Containers that automatically scale up after migration (by default they stay hibernated to avoid thundering herd).

disable-autoscaledown-containers

architect.loopholelabs.io/disable-autoscaledown-containers: '["container-1"]'

Prevents automatic hibernation. Useful for background jobs that should migrate but not hibernate on idle.

scaleup-timeout-containers

architect.loopholelabs.io/scaleup-timeout-containers: '{"container-1": "60s"}'

How long to wait for a checkpoint during startup. Default: 30s. runc-architect only.

migrate-emptydir-containers

architect.loopholelabs.io/migrate-emptydir-containers: '["container-1"]'

Preserves emptyDir volume data during migration. By default, emptyDir volumes are not migrated.

sparse-files-containers

architect.loopholelabs.io/sparse-files-containers: '{"container-1": ["/var/cache/app.db"]}'

Recreates the listed files as sparse files (same size and mode, contents are zeros) at the destination instead of copying their bytes through the upper-layer snapshot. Skips the listed paths on the source so the migration does not pay the per-byte snapshot cost. Use for workloads that re-scan or rewrite the file post-restore (caches, generated artefacts, scratch space). Workloads that read the original contents after migration will see zeros. runc-architect only.

rewrite-listener-addresses-containers

architect.loopholelabs.io/rewrite-listener-addresses-containers: '["container-1"]'

Rewrites listener socket addresses in CRIU checkpoints during migration. When an application binds to the pod IP (rather than 0.0.0.0), the listener address becomes invalid on the destination pod. This annotation rewrites those addresses to INADDR_ANY (0.0.0.0) or in6addr_any (::) so the restore succeeds. runc-architect only.

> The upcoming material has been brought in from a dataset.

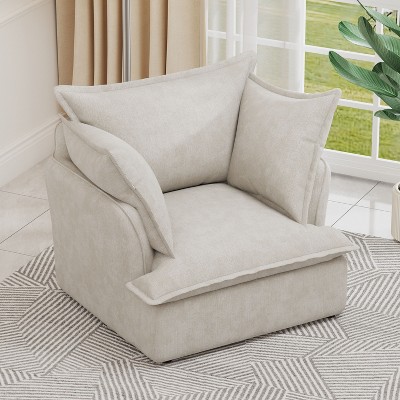 NicBex Couches for Living Room 38" Single Sofa Chair Chenille Armchair Accent Chair Teddy Fabric Upholstered Lounge Chair for Bedroom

rewrite-established-addresses-containers

architect.loopholelabs.io/rewrite-established-addresses-containers: '["container-1"]'

Rewrites the source IP of established TCP connections in CRIU checkpoints during migration. The source pod's IP no longer exists on the destination pod, which causes CRIU's socket restore to fail. This annotation rewrites the source address to the new pod's IP (read from /etc/hosts). Supports both IPv4 and IPv6. runc-architect only.

managed-pod (gVisor only)

architect.loopholelabs.io/managed-pod: "true"

Used with runsc-architect instead of managed-containers. The entire pod is managed and checkpointed together.

start-from-persistent-checkpoint

# Same namespace (name only):
architect.loopholelabs.io/start-from-persistent-checkpoint: "persistent-checkpoint-name"
# Cross-namespace (namespace/name):
architect.loopholelabs.io/start-from-persistent-checkpoint: "namespace/persistent-checkpoint-name"

Restore from a PersistentCheckpoint CRD on startup. When only a name is provided (no /), the PersistentCheckpoint is looked up in the same namespace as the pod. Use the namespace/name format to reference a checkpoint in a different namespace.

When set, this annotation takes priority over pod-template-hash-based Checkpoint CRDs: on any failure (not found, empty, download error, registry storage) the pod starts fresh without falling back to the runc-architect migration path.